[R-sig-Fedora] R 2.12.0 in Fedora Updates Testing

Tom "spot" Callaway tcallawa at redhat.com
Mon Nov 15 18:45:12 CET 2010


On 11/07/2010 11:33 PM, Paul Johnson wrote:
> Even though nobody but me seems to care, I think it is better to do
> what Ubuntu does, where Renviron has at the end
> 
> R_LIBS_USER=${R_LIBS_USER-'~/R/x86_64-pc-linux-gnu-library/2.12'}
> # edd Apr 2003  Allow local install in /usr/local, also add a directory for
> #               Debian packaged CRAN packages, and finally the default dir
> # edd Jul 2007  Now use R_LIBS_SITE, not R_LIBS
> R_LIBS_SITE=${R_LIBS_SITE-'/usr/local/lib/R/site-library:/usr/lib/R/site-library:/usr/lib/R/library'
> 
> The R team itself selected that value for R_LIBS_USER.  Its that way
> in the R source.  If I were picking, I'd probably leave off the
> version number from the end.
> 
> I believe it is recommended to use R_LIBS_SITE. That way, they don't
> block non root users from getting packages "automatically" installed
> in their home dirs.

I decided shortly after our last conversation to just go ahead and make
this change, so as of the last R update, we're now leaving R_LIBS_USER
alone and using R_LIBS_SITE.

For example, my /usr/lib64/R/etc/Renviron (Fedora 14, x86_64) has:

R_LIBS_USER=${R_LIBS_USER-'~/R/x86_64-redhat-linux-gnu-library/2.11'}
#R_LIBS_USER=${R_LIBS_USER-'~/Library/R/2.11/library'}

### Local Variables: ***
### mode: sh ***
### sh-indentation: 2 ***
### End: ***
R_LIBS_SITE=${R_LIBS_SITE-'/usr/local/lib/R/site-library:/usr/local/lib/R/library:/usr/lib64/R/library:/usr/share/R/library'}

> Oh, one more thing. What about "shared" R libraries?
> 
> In the Radmin manual, it claims that R built with shared libraries
> enabled can be 20% slower.  On several Redhat systems here, I've taken
> your RPM and cut the shared option out of configure and I don't notice
> that anything suffers as a result.

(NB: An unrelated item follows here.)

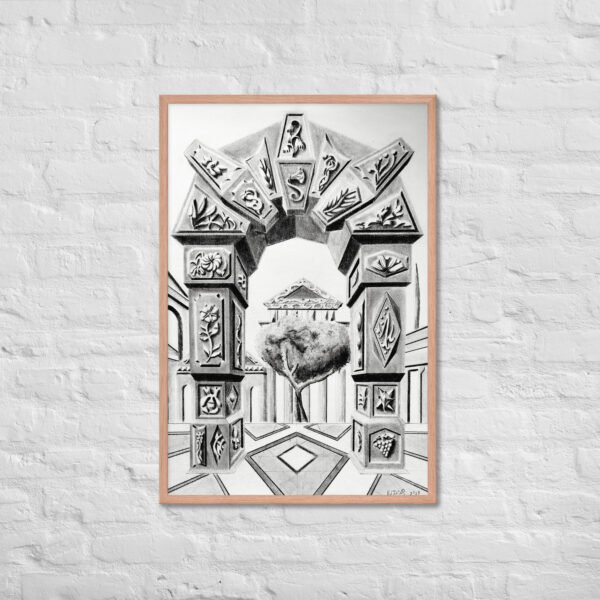 Arch of Symbols – Hand-Drawn Fantasy Architecture Pencil by Eldor Art ( Enhanced Matte Paper Framed Poster ) - Image 14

I don't have any  evidence it is
> faster,either.

I doubt that is valid on Linux, where shared library performance is
almost always on par with static, not to mention the potential benefit
of providing a consistent libRmath library for all packages to use.

I would be willing to reconsider this approach if there were tangible
(and not apocryphal) evidence to show a significant performance gap.